Start by understanding your organization as a system. How does it help your organization to fulfill your mission? What are the leadership processes? Be prepared to think and work differently. Start your efficiency improvement cycles by developing your management system so it is process-based leaving no silos. Then focus on improving your system and its processes to deliver what your current and future customers value.

How do I develop my organization’s management system?

August 5, 2013

As Quality Manager recognize that your organization already operates according to its management system. Recognize that quality is primarily the responsibility of the people doing the value adding work. Also recognize that an individual’s performance is largely determined by the system in which that individual works.

Understand the organization as a system. Define the scope of the system. Assess its strengths, weaknesses, opportunities and threats. Determine system objectives. Analyze what the organization does with its suppliers and customers to turn customer needs into cash in the bank. Determine the cross-functional key processes from the core process and as necessary to sustain and direct the core process. Assign and brief the process owners.

Analyze or design the key processes and their interactions. Obtain feedback (reality check or feasibility check) from the process teams. Incorporate feedback in the process descriptions (procedures). Correct minor nonconformities within two weeks (and issue corrective action requests for any remaining nonconformity). Train process teams in their new processes and in any new controls for existing processes.

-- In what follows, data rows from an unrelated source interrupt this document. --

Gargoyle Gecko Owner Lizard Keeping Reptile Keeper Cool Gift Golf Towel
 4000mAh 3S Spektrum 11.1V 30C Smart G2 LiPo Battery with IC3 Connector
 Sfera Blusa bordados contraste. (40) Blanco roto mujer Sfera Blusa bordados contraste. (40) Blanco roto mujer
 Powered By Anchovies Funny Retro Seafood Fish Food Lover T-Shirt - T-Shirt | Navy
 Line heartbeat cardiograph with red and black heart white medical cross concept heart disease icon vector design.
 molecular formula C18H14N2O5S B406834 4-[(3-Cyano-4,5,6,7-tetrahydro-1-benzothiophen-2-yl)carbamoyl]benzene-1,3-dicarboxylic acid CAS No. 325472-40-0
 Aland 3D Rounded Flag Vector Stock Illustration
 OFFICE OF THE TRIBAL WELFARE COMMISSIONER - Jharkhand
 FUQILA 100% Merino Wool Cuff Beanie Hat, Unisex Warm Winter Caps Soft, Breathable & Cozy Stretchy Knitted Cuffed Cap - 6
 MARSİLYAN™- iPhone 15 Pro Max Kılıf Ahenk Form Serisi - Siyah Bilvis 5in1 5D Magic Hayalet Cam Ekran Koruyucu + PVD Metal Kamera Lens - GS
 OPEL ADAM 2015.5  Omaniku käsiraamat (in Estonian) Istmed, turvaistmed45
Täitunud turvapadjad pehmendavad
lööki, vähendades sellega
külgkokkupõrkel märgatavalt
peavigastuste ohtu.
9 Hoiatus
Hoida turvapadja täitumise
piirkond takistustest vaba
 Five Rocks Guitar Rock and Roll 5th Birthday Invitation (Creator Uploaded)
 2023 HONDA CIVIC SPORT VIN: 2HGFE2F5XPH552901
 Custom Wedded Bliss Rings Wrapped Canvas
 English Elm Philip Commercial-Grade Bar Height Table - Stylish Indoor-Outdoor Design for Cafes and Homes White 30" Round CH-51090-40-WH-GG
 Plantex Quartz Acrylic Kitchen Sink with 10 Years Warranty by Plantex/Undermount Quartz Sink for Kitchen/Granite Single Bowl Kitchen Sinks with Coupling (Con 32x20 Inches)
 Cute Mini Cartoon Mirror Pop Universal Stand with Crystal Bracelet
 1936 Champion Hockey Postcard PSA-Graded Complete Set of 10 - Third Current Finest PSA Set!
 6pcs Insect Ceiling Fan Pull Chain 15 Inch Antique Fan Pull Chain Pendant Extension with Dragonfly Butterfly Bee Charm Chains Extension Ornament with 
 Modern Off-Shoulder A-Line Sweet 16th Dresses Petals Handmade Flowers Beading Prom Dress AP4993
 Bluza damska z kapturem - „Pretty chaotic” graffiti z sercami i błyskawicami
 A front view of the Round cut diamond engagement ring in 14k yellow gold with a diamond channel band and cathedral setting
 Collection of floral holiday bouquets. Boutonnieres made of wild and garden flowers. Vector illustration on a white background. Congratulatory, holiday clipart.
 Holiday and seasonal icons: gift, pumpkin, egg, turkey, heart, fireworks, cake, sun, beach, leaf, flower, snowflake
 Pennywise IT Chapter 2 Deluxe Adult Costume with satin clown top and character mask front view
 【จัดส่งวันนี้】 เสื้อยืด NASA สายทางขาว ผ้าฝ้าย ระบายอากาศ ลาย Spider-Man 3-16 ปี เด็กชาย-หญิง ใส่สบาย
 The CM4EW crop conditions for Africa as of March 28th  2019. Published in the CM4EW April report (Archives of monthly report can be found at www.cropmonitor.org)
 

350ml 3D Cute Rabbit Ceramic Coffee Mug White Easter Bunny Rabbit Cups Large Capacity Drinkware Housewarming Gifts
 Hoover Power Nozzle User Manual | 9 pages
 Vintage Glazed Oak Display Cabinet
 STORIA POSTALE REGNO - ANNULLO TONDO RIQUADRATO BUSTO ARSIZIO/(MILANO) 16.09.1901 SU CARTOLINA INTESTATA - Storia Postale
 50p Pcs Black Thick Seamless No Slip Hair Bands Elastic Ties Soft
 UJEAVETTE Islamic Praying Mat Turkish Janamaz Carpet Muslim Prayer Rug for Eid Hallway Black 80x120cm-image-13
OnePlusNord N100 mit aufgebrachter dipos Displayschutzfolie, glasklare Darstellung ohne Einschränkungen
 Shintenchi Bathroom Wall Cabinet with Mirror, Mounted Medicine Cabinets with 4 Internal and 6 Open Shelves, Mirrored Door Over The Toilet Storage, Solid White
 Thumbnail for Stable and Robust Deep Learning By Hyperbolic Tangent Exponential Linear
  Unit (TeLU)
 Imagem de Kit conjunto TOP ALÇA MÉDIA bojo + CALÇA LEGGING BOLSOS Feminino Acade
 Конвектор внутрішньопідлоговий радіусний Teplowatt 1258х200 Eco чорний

Train leaders to run the management system awareness sessions so employees can see they are committed to requirements coming from customers, regulators and their management system. Have them promise management system performance reports.

Facilitate improvements of the system, its processes and products. Audit the management system for how well it helps employees to determine and meet requirements. Facilitate reviews of management system performance with top management so they initiate the changes necessary for their management system to improve the organization’s efficiency and effectiveness.

Monitor top management’s engagement of employees in the use and improvement of their process-based management system to fulfill the organization’s purpose or mission.

Who is responsible for quality?

June 17, 2012

The top manager is responsible for quality. He or she cannot effectively delegate this responsibility. Quality (good and bad) is the result of the organization working as a system.

The organizational management system exists to help the organization’s employees (and suppliers) to determine and fulfill requirements in creating more successful customers.

Some of the leader’s authority can be delegated to a competent manager who reports direct to them. This person can then:

– Ensure the processes necessary to fulfill requirements are in place

– Respond to suggested improvements to the system

– Ensure the system makes the team aware of customer requirements

– Facilitate actions to improve the system

– Run the internal audit programme to fulfill top management’s objectives

– Recommend system improvements to the leaders

– Report on the performance of the organizational management system

Making this person report to someone other than the top manager may remove the strategic focus on emerging and future customer needs.

Process improvement remains the primary responsibility of each process owner (or their boss). These process level improvements would be coordinated via this person who, instead of being called VP Quality, is the VP Management System.

Without this person the top manager has to do all this herself or himself.

This approach enables all of us to remain responsible for the quality of our work.